# 68 Stingray



## schwinnguyinohio (Sep 8, 2019)

My daughter located me this one today , always on her phone but guess it paid off this time ! Original bike down to the tires


----------



## bficklin (Sep 8, 2019)

Very Nice [emoji106].


Sent from my iPhone using Tapatalk


----------



## mrg (Sep 9, 2019)

Should clean up nice, but all the 68's Deluxe's I've had still had the earlier guard & sprocket?, 69 model maybe?, what month?


----------



## schwinnguyinohio (Sep 10, 2019)

Yes , end of the year (dec)stamped frame with 69 parts


----------



## mrg (Sep 10, 2019)

Ya, my Nov. 67 Violet Deluxe came with a 68 Deluxe silver strip seat that some say is wrong but I think is correct.


----------



## Landarts (Sep 10, 2019)

Nice score, always liked that color.  Should shine up real nice!


----------



## schwinnguyinohio (Sep 17, 2019)

Clean up in work


----------



## schwinnguyinohio (Sep 20, 2019)

After a little clean up , I did swap the Schwinn white walls over to a more deserving bike


----------



## bficklin (Sep 20, 2019)

I like the white walls [emoji853][emoji853][emoji853].

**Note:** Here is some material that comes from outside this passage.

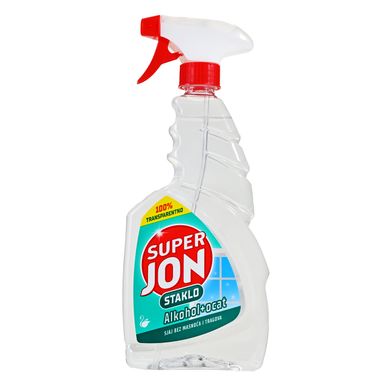 Image for product SUPER JON Sredstvo za čišćenje stakla alkohol i ocat 650ml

Sent from my iPhone using Tapatalk


----------



## schwinnguyinohio (Sep 20, 2019)

Yea I put them on one with better paint and has kickback


----------



## spitshineschwinn (Sep 20, 2019)

Great job on the clean up. The Stingrays with the 46 tooth mag sprocket and slightly longer cranks are the only models that can be ridden by a grown man, IMO. Even then you have to still have somewhat of a youthful hiney to make it work. Come to think of it, I guess that's true of a lot of Schwinn bikes!


----------



## bficklin (Sep 20, 2019)

Nice [emoji106] 


Sent from my iPhone using Tapatalk


----------



## Goldenrod (Sep 20, 2019)

It found the right home.


----------